Compiler of the Latte programming language written in Haskell.

Use stack build to compile the project.

Used version of GHC is 8.8.4 (LTS 16.22). For the breakdown of used packages consult package.yaml.

Use the latc_x86_64 executable to compile .lat source files. Additionally, espi executable containing an IR interpreter is generated - this is not intended for end users but rather as a development tool.

• -v - enable verbose mode
• -g - generate intermediate steps

When running on a file <p>.lat, where <p> = <dir_path/<file_path> is some path:

1. when the flag -g is not specified, two files are created: <p>.s containing generated x86_64 assembly and an executable <p>;

2. when -g is specified the following intermediate representations are generated additionally:

• <p>.esp, <p>.cfg - Espresso intermediate code and text representation of its Control Flow Graph.
• <p>.1.opt.esp, <p>.1.opt.cfg - Optimised Espresso code and its CFG.
• <p>.2.phi.esp, <p>.2.phi.cfg - Optimised Espresso code with unfolded phony phi function usage and its CFG.
• <p>.3.liv.esp, <p>.3.liv.cfg - Same code as above but with liveness annotations in form of comments on every instruction and the CFG with liveness annotations for the begin and end of each node.
• <p>.noopt.s - Generated assembly before peephole optimisation phase.

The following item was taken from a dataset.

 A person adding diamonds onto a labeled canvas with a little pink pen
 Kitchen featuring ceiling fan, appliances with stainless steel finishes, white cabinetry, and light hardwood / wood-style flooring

Use stack test to run all included tests. The lattests directory contains all tests provided on the assignment page (these are unchanged) and additional custom tests. The esptests directory contains a handful of tests for the IR language Espresso.

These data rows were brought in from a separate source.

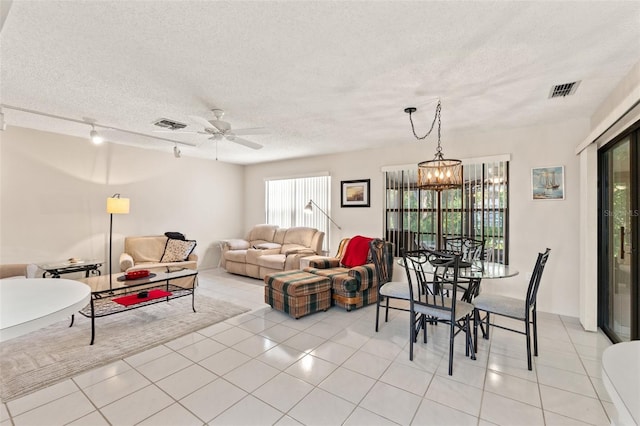 dining area with light tile patterned floors, visible vents, ceiling fan with notable chandelier, and a textured ceiling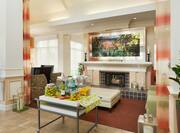 Soft Seating Around Fireplace WIth Wall Art, and Beverage Station in Lobby Lounge Area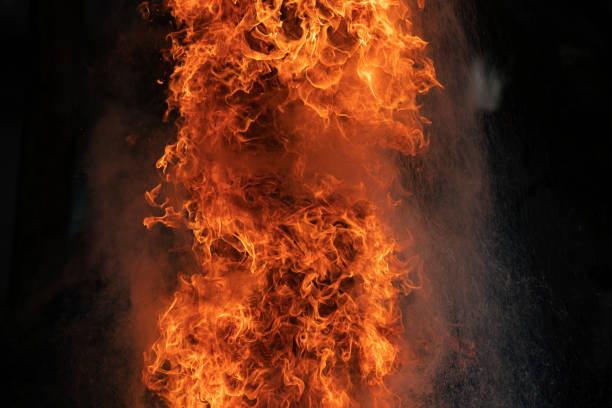 istock Closeup Fire flames from gas explosion on black background. 1153599287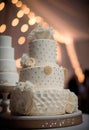 Large wedding cake decorated with a beautiful decor of cream. Royalty Free Stock Photo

There are two test suites, Latte-test and Latte-test-exec.

• Latte-test tests parsing, semantic analysis and IR code generation using an interpreter for the generated IR. These are quick to run but do not test anything related to x86_64 assembly generation.

• Latte-test-exec tests the entire compiler by running the executable on all valid tests, asserting they compile and then running the generated executables. It creates a temporary work directory in lattests that gets cleaned up after the test.

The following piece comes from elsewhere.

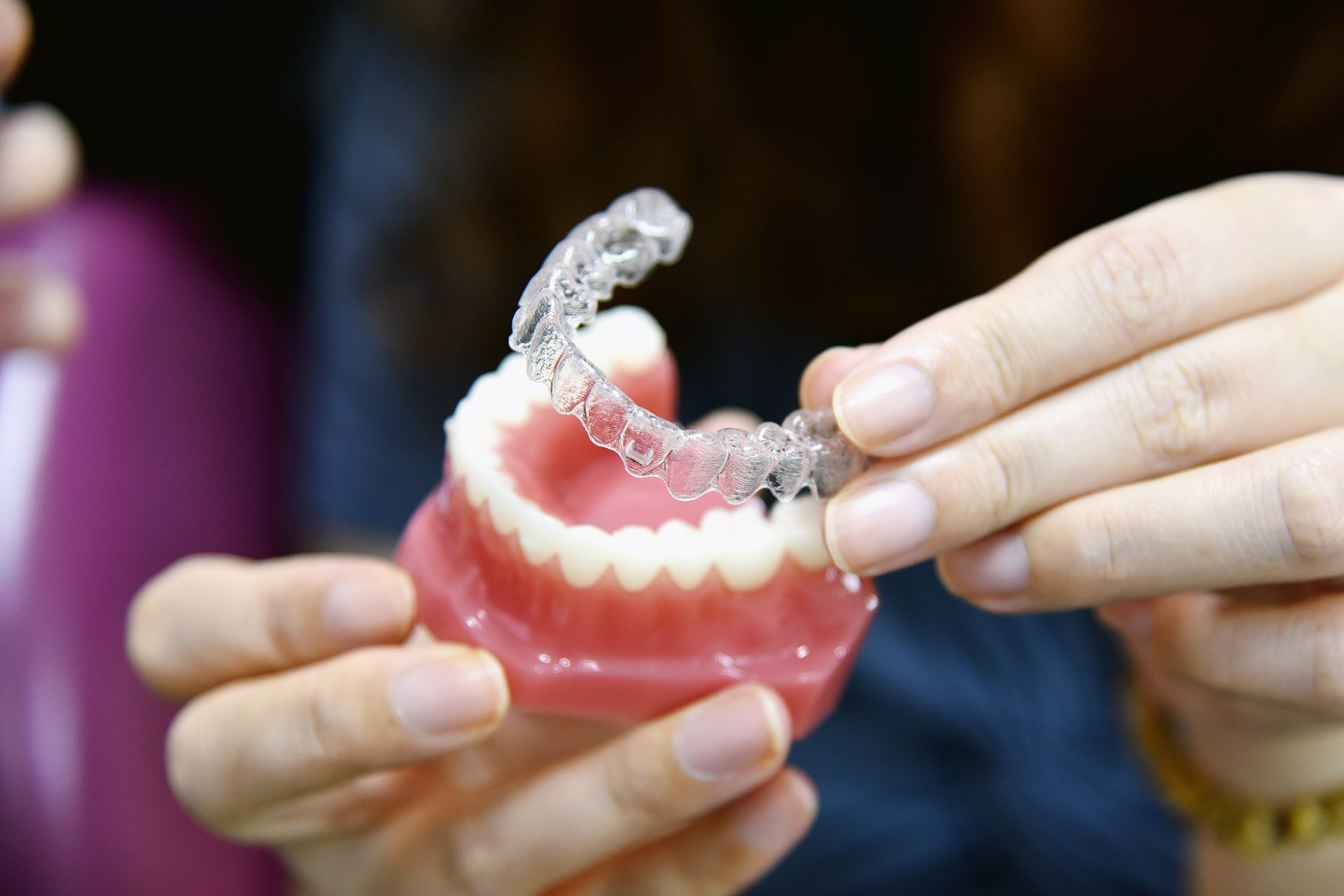 Hands holding clear dental aligner over a pink model of teeth.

• Full lexer and parser for Latte with objects, virtual methods and arrays.
• Full semantic analysis with type checks and reachability analysis.
• Internal IR language - Espresso - with a separate lexer/parser and a small interpreter.
• Compilation to Espresso and generation of additional annotations - Control Flow Graph and variable liveness analysis.
• x86_64 assembly code generation with register handling done locally via register/variable descriptions.
• Peephole optimisations of the generated assembly to fix common trivial inefficiencies.

Objects, arrays and virtual methods are implemented in the static analysis phase, but not in Espresso or x86_64 codegen. These will be implemented in the next version of the compiler.

1. The way strings work is currently inconsistent with how objects will work in general. For example, the compiler assumes a default value for a string is null, but there is no way to express a string null literal in Latte code (the grammar does not allow (string) null). One can achieve it by declaring an uninitialised string variable, as the default value for such variables is null. It is planned to change in the final version where strings will most likely be defined as actual object types with special handling for string literals.

2. The generated code is wasteful when it comes to string literals. For example the code:

string x = "foo";
string y = "bar";
string z = x + y;
printString(z);

causes three string allocations for each of the variables x, y, z. This is planned to change in the final version where constant propagation will be implemented.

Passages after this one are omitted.